*** STORED DATA Section Begins ***
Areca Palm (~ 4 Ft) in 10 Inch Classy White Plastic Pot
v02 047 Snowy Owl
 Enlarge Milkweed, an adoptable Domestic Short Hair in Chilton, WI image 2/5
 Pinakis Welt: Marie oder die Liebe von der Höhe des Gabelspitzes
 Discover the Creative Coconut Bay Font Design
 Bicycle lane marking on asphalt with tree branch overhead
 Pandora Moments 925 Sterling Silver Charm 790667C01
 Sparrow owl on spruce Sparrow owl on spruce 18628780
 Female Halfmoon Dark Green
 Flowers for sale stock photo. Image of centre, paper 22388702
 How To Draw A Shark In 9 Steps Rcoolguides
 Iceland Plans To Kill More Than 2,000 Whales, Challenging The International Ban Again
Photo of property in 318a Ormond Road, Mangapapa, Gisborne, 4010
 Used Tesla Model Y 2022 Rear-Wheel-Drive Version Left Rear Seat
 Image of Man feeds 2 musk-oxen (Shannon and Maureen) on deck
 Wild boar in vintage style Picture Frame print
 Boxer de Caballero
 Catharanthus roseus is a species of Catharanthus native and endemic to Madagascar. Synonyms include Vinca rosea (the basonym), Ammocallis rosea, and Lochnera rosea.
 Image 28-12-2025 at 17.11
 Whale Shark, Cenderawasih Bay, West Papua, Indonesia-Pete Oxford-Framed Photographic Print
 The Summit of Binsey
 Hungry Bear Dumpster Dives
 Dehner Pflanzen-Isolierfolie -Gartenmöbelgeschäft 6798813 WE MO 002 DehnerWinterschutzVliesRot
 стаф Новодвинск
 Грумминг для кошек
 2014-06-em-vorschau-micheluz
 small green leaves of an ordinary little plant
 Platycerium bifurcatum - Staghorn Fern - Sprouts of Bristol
*** STORED DATA Section Ends ***
INSTRUCTIONS TO FOLLOW
Output exactly, and only, the lines running from the one that contains "Dehner Pflanzen-Isolierfolie -Gartenmöbelgeschäft" through the last line of the entries above.

ANSWER AREA
 Dehner Pflanzen-Isolierfolie -Gartenmöbelgeschäft 6798813 WE MO 002 DehnerWinterschutzVliesRot
 стаф Новодвинск
 Грумминг для кошек
 2014-06-em-vorschau-micheluz
 small green leaves of an ordinary little plant
 Platycerium bifurcatum - Staghorn Fern - Sprouts of Bristol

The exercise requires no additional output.